Now that I've discussed conditions and overflow, I can explain what the dilemma is (or was, back when I was thinking about it). The way I see it, there are three methods of handling conditions and overflow (although two are much more similar than the third).
MIPS treats signed overflow (but not unsigned carry, which it provides no mechanism for detecting) as an exception. When an arithmetic instruction generates signed overflow, an overflow exception is generated, and the exception handler is called. Separate unsigned arithmetic instructions exist, which will not throw overflow exceptions.

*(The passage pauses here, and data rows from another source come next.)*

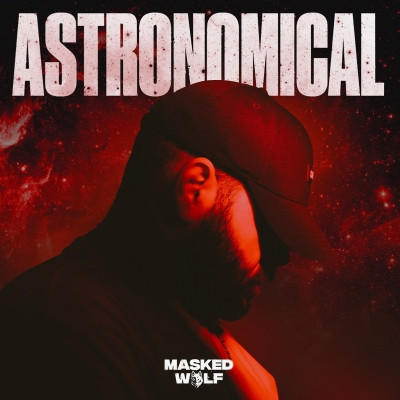 Masked Wolf - Astronomical (2021) [FLAC + 320 kbps]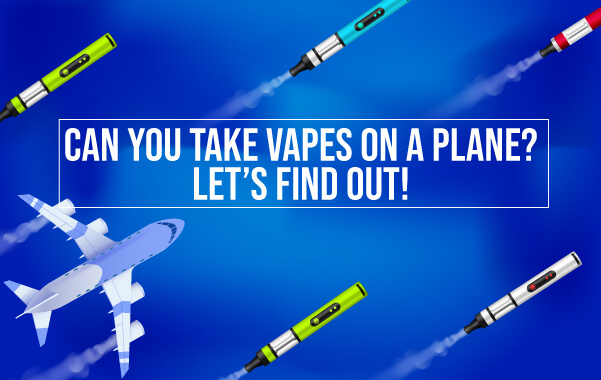 Can E-cigarettes Be Brought On The Plane?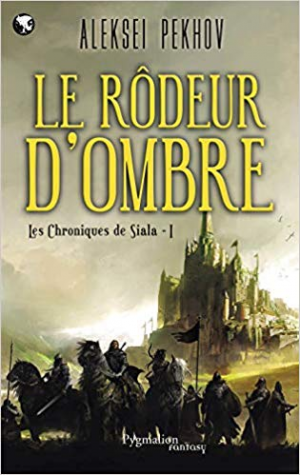 Aleksei Pekhov – Les chroniques de Siala, Tome 1 : Le rôdeur d’ombre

Conditions, on the other hand, are implemented by a series of conditional branch instructions: beq (branch if two values are equal), bne (branch of two values are not equal), bltz (branch if value is less than zero), blez (branch if value is less than or equal to zero), bgtz (branch if greater than zero), bgez (branch if greater than or equal to zero).
While overflow exceptions can be convenient, this method has many shortcomings. First, comparisons of two values is cumbersome and slow, as they must be performed using a number of instructions. Testing for carry is similarly slow, and also requires multiple instructions. Finally, exceptions are slow. Even in a single-tasking system (like the Playstation, which uses a MIPS CPU), where the OS doesn't need to do complicated exception handling before control returns to the program (I benchmarked this taking more than 100,000 cycles on my NT computer), if the exception handler is called in kernel mode (as is the case for MIPS, x86, etc.), a full kernel mode transition is still required before the user mode handler (i.e. the catch block) can get invoked (I don't know about MIPS, but on x86 this kind of thing can take hundreds of cycles). Compare this to the worst case scenario in a Pentium 4 (the worst performing CPU I know of, with respect to unpredicted branches), where an incorrectly predicted branch can stall the CPU for 29 cycles.
x86 uses perhaps the most obvious method of handling conditions and overflows: a condition register. This register has flags for a wide variety of conditions, including carry, overflow, zero, signed, all four being set (or reset, as the case may be) by math and binary (and, or, etc.) instructions. In addition (and likely on account of the fact that the x86 only has 8 registers), x86 has two comparison instructions: CMP, which is equivalent to a subtraction, save that the result is not written to any register (thus conserving a register, while setting the flags from the operation), and TEST, which performs a binary and, then discards the result.
x86 offers three ways of responding to conditions. First, conditional branches allow for branching based on various conditions, such as greater than, less than, carry, signed, etc. As well, conditional set instructions set a register depending on whether the condition is true (1) or false (0); this is commonly used for complex boolean algebra expressions. Finally, conditional move instructions perform a move only if the condition is true. The conditional set and condition move instructions are of particular value, as they allow actions other than branches (which can be mispredicted) to be taken based on conditions.
PowerPC uses a similar but simpler method of handling conditions and overflow. It also uses a condition register, comparison instructions (similar to the x86 CMP command), and conditional branches, but does not support conditional moves or sets. What is noteworthy, however, is that each math and logical instruction comes in two flavors: those that set the condition register, and those that don't. This allows other math operations to come between the condition register being set and the action taken as a result.